Ultraluminal is the new LP from Austin, TX / Brooklyn, NY based post-rock outfit City of Ships. I was lucky enough to jump on a portion of their 2012 summer tour and I thought they were on-point back then, but they’ve done nothing but grow in the past three years. In the album’s first single, “Alarm,” guitarist Eric Jernigan’s smooth, yet relentlessly aggressive vocals soar over his atmospheric and heavy guitar work, while his brother Andrew’s monolithic bass lines keep the whole thing grounded.
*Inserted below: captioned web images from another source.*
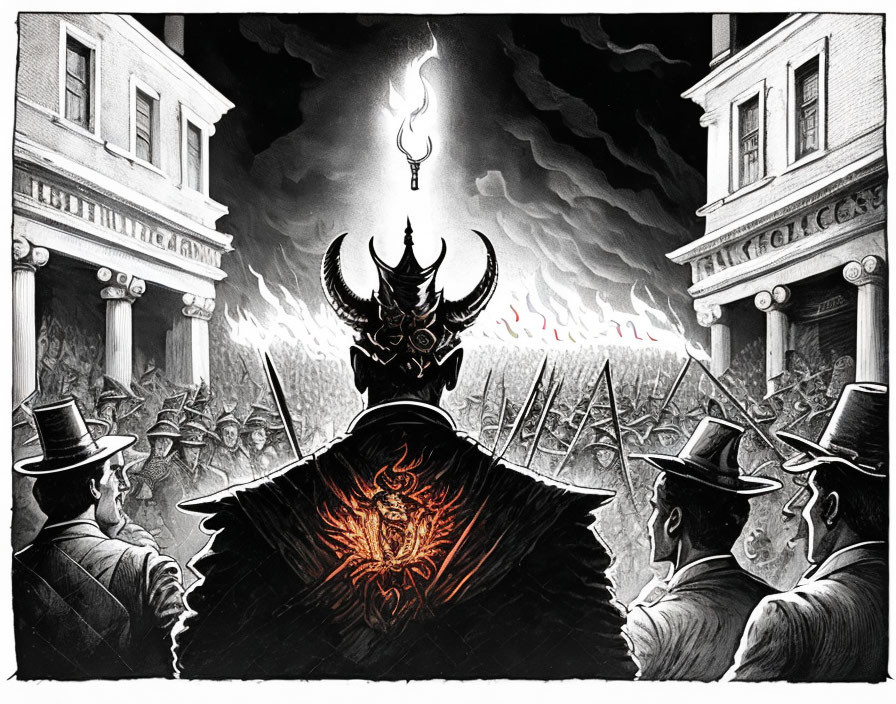 Monochrome illustration of demonic figure with trident in stormy cityscape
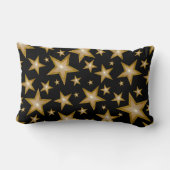 "金ゴールド"スター印刷装飾用クッションルンバーブラック ランバークッション (裏面)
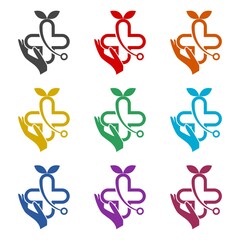 Medical logo, health logo, color set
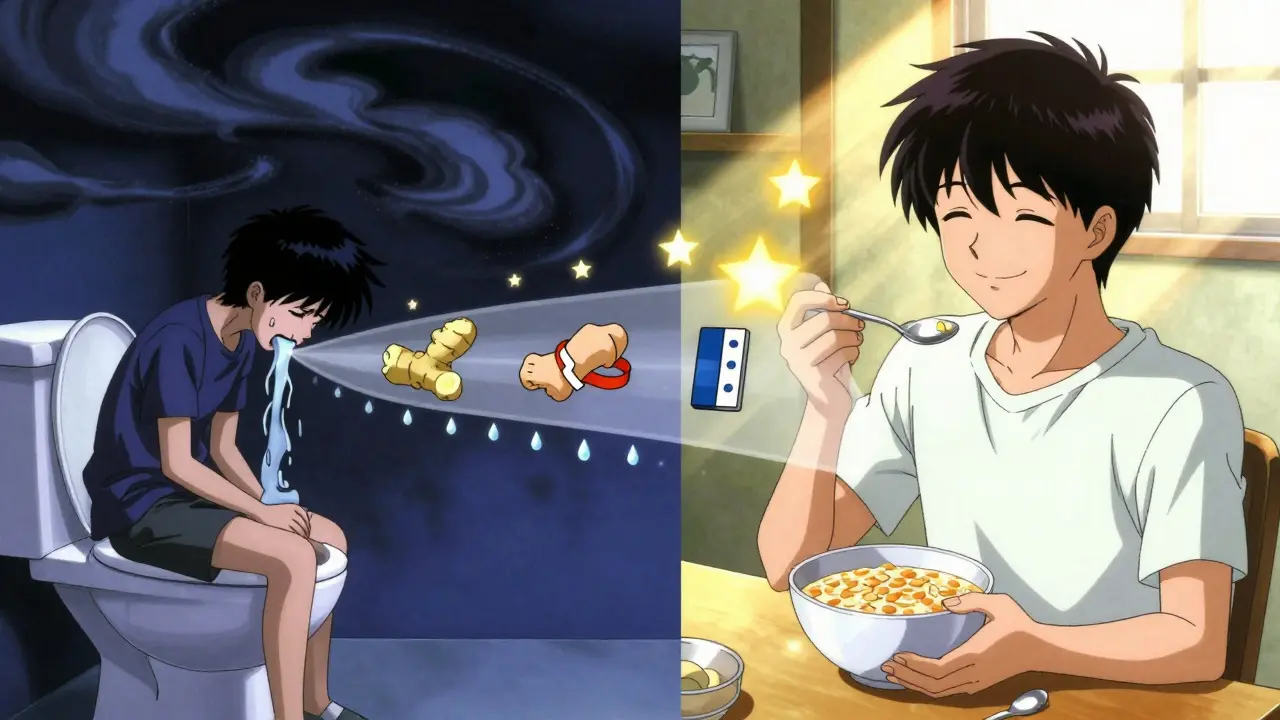 Before and after scene: nausea turning into peace over 8 weeks with healing symbols.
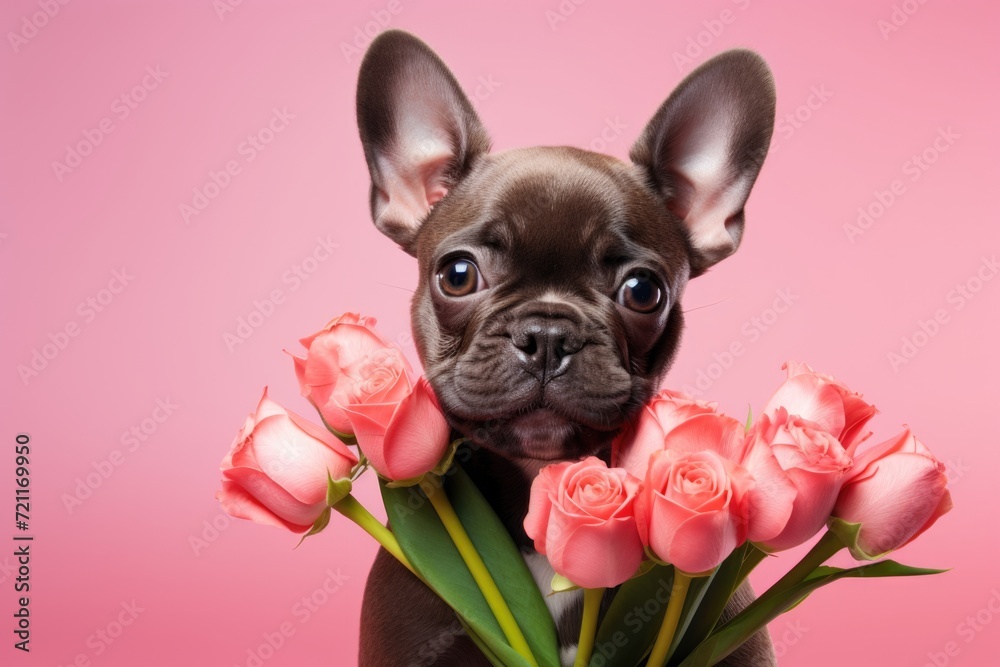 Dog with tulips: Spring card for celebrations.
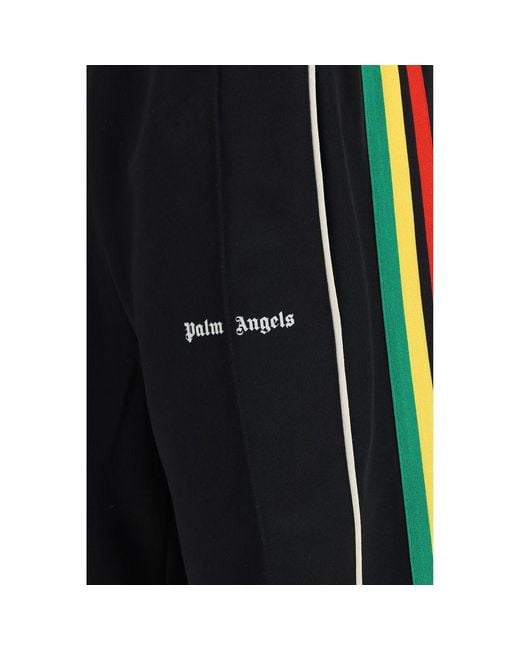 Palm Angels Black Polyester Athletic Pants for men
While pummeling drums, churning bass and sonic landscapes of swirling guitars are mainstays throughout this record, tracks like “Metadata Blues” and “Private Party” find the trio exploring the alt-rock territory of influential ’90s bands like Hum and Failure. When the track “Illawarra Escarpment” kicks in around the album’s halfway point, you’d almost think someone had snuck an old Deftones B-side into the mix with overdriven, down-tuned power chords backing dreamlike (and Chino-like) vocal patterns.
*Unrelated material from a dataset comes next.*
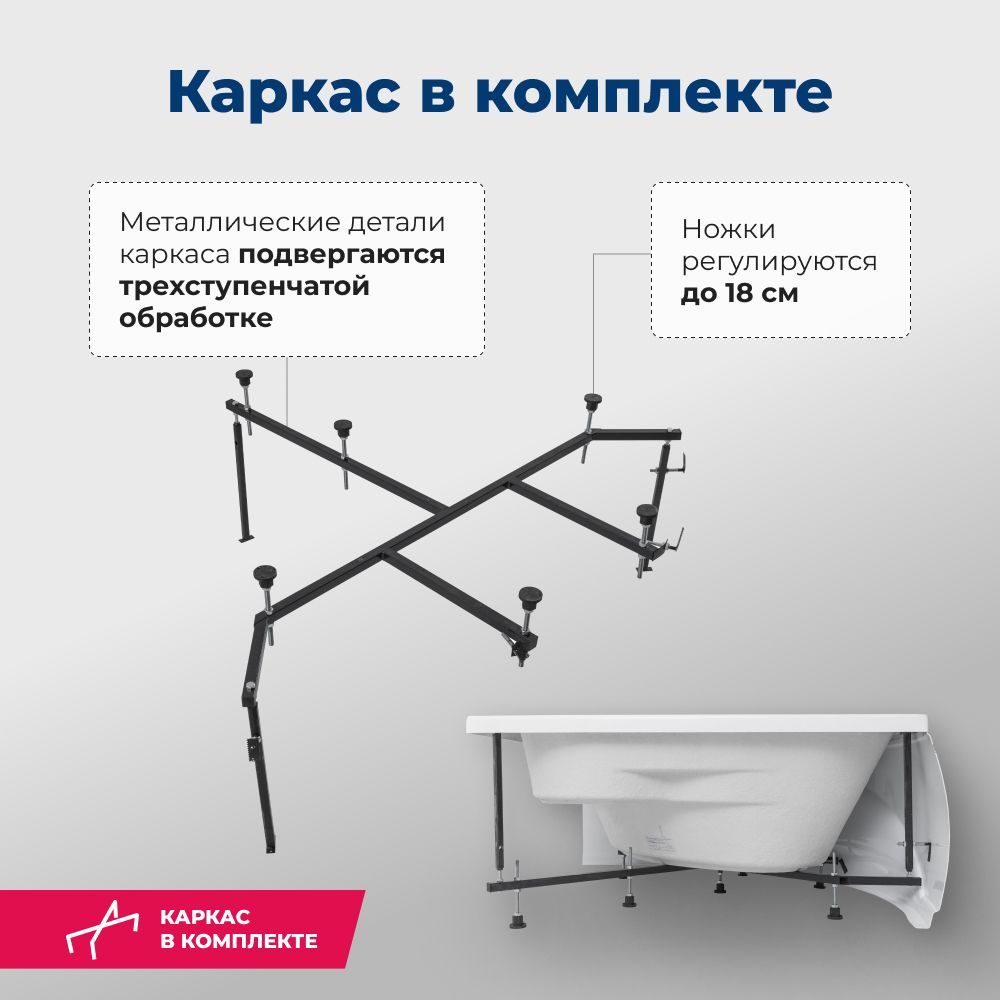 Акриловая ванна Aquanet Vitoria 130x130 (с каркасом) Акриловая ванна Aquanet Vitoria 130x130 (с каркасом)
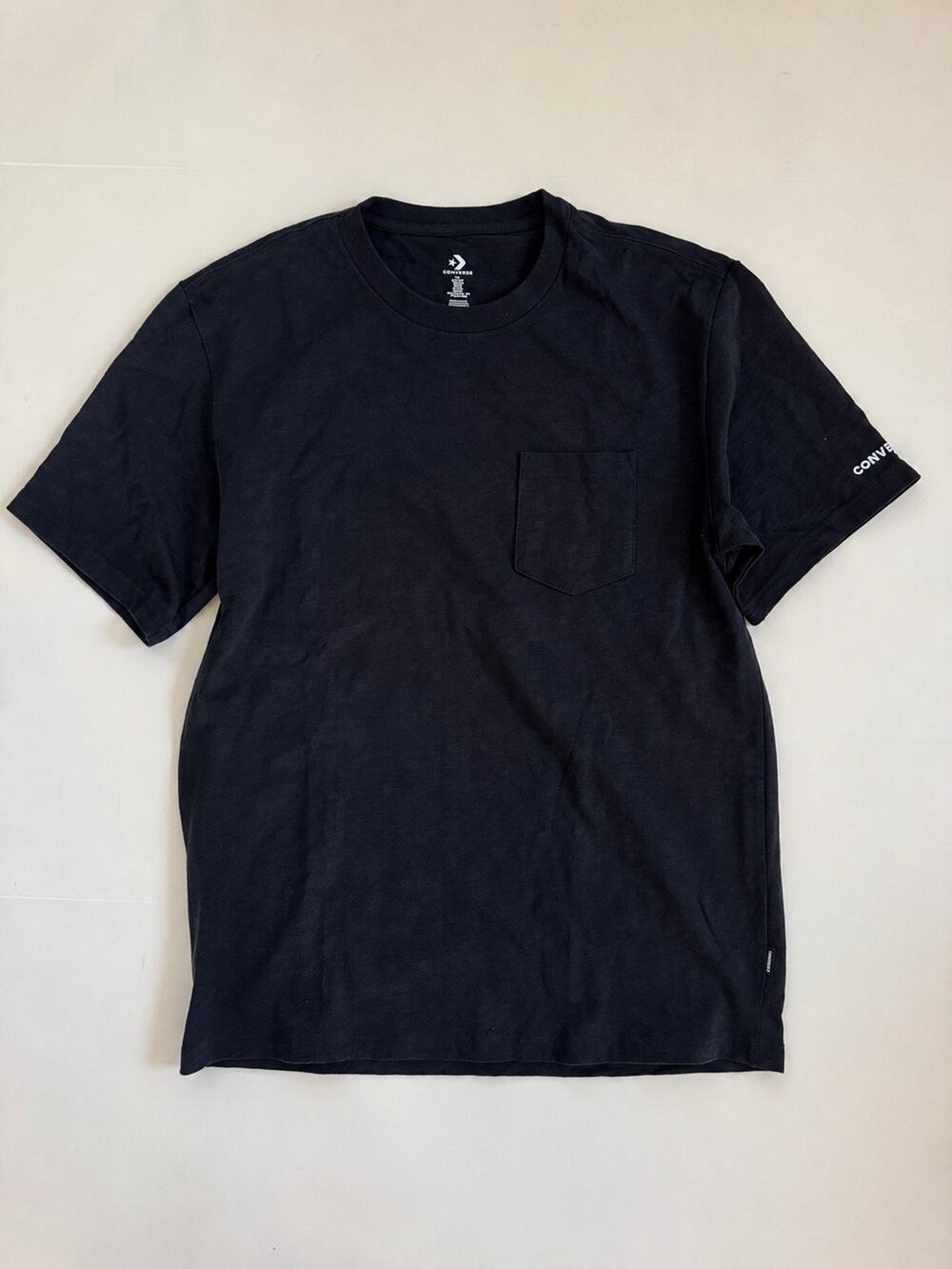 Converse Men’s Black Pocket T-Shirt Size M Embroidered Star Chevron Logo Tee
With its 10-song, 37-minute running time, Ultraluminal gives City Of Ships a long enough leash to move comfortably through several different genres without losing anyone’s interest. The underlying, all-encompassing, dark guitar, bass and drum tone makes for an even weight throughout the entire record, making the ebb and flow of styles extremely comfortable for the listener. Equal parts Russian Circles, Torche, Deftones and Hum, and best served up on a long night drive, “Ultraluminal” (as well as the rest of City Of Ships’ catalog) is well worth your time.